2. Is the type of video processing in a HD Display/DVD/BluRay player important for those of us researching newer HD displays? For example, my Denon AVR has the Faroudja DCDi processor (I don't even know what my Oppo D-980H player uses). Nonetheless, are these important considerations in terms of whatever processor my next display unit would have? 

3. Finally, and this may not be the place to ask this, but what does "video switching" mean, and how can one take advantage of it?

Thanks.


----------



## eugovector (Sep 4, 2006)

1. Everything will be converted to 1080p, regardless of the source resolution.

2. Yes, if you are particular, and the viewing conditions are right (sitting close enough, ootherwise properly calibrated, etc.)
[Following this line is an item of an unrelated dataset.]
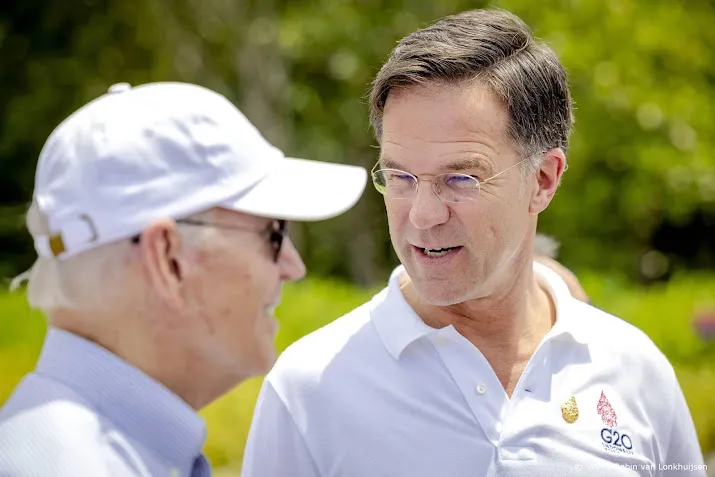 rutte we blijven oekraine steunen tegen russische agressie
3. Can you put it into context? Where did you see this term?


----------



## dogmatix (Nov 18, 2008)

3. Can you put it into context? Where did you see this term?[/QUOTE]

I believe I saw it on the spec sheet of my Denon AVR 2808CI, but I am not absolutely positive about that.


----------



## eugovector (Sep 4, 2006)

It just means that you'll plug into the AVR multiple source devices (DVD, Blu-ray, Cable Box, HTPC, Media Streamer) and then a single cable from the AVR to the display. Higher end receivers will upscale any resolution and any input (480i over s-video) to 1080p/720p output over HDMI.

Basically, it saves you from switching inputs on the display, just switch the AVR for both Audio and Video.


----------